- Assigned task
Each line of the listing that contains "Gold" should be found and copied.

- Material supplied
+++

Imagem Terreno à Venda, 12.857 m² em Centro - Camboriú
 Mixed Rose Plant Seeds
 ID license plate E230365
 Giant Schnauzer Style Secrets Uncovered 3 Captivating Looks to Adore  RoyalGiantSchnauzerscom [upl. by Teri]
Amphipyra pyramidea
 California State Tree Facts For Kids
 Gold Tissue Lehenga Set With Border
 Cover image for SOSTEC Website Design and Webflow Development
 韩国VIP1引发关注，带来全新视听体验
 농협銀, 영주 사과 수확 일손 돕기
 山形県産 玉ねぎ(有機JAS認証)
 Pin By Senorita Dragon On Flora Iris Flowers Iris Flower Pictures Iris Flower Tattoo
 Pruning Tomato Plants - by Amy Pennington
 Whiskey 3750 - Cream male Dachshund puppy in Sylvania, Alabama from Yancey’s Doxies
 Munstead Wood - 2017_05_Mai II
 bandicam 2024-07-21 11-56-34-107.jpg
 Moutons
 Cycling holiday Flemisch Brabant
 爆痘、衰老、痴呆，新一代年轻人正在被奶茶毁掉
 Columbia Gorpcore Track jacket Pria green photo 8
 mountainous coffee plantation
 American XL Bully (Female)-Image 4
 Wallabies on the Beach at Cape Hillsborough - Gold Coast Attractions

+++

- Expected output
 Gold Tissue Lehenga Set With Border
 Wallabies on the Beach at Cape Hillsborough - Gold Coast Attractions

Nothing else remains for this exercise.